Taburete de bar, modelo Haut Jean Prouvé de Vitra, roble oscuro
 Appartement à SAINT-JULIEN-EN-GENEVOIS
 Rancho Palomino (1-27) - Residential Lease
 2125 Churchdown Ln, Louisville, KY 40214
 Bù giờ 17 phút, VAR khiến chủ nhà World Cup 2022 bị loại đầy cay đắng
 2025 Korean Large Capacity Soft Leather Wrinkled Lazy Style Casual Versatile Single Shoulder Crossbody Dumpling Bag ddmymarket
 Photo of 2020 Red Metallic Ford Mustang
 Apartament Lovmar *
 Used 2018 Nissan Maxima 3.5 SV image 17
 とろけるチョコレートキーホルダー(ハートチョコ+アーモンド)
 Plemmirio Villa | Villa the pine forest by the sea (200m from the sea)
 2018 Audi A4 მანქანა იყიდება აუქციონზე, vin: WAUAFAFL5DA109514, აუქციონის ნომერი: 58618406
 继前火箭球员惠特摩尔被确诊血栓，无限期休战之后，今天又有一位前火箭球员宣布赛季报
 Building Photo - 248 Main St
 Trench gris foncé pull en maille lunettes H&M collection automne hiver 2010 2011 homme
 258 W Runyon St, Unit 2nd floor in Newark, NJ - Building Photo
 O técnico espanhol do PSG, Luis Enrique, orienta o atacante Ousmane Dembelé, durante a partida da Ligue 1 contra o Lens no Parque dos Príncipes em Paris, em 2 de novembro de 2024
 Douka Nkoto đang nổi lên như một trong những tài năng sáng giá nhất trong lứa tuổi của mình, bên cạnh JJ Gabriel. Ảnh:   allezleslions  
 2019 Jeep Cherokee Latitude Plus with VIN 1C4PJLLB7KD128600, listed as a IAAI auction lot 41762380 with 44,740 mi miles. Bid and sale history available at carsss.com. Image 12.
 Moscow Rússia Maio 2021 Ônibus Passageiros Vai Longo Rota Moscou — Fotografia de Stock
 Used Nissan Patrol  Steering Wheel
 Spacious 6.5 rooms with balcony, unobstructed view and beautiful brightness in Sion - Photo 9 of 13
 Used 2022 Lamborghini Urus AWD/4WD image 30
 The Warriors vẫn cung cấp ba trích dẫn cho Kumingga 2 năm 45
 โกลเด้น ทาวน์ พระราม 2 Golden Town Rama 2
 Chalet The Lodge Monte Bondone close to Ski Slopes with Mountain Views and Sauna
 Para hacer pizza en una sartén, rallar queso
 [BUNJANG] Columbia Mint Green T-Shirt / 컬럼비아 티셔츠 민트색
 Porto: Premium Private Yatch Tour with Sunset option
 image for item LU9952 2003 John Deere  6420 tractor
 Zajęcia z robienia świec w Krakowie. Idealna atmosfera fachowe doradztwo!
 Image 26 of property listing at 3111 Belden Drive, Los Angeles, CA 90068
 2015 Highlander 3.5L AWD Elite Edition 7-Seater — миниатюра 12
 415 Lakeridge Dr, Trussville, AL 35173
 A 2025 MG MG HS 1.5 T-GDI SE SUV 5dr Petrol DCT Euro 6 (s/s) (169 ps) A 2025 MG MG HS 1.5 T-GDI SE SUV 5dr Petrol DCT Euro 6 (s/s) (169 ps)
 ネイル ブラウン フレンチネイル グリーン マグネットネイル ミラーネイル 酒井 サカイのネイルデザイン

──────

**Instructions to follow:** Only the lines from the top of the data through the line that contains "Used 2018 Nissan Maxima 3.5 SV image 17" should be quoted, exactly as they stand.

**Solved exercise:**
Taburete de bar, modelo Haut Jean Prouvé de Vitra, roble oscuro
 Appartement à SAINT-JULIEN-EN-GENEVOIS
 Rancho Palomino (1-27) - Residential Lease
 2125 Churchdown Ln, Louisville, KY 40214
 Bù giờ 17 phút, VAR khiến chủ nhà World Cup 2022 bị loại đầy cay đắng
 2025 Korean Large Capacity Soft Leather Wrinkled Lazy Style Casual Versatile Single Shoulder Crossbody Dumpling Bag ddmymarket
 Photo of 2020 Red Metallic Ford Mustang
 Apartament Lovmar *
 Used 2018 Nissan Maxima 3.5 SV image 17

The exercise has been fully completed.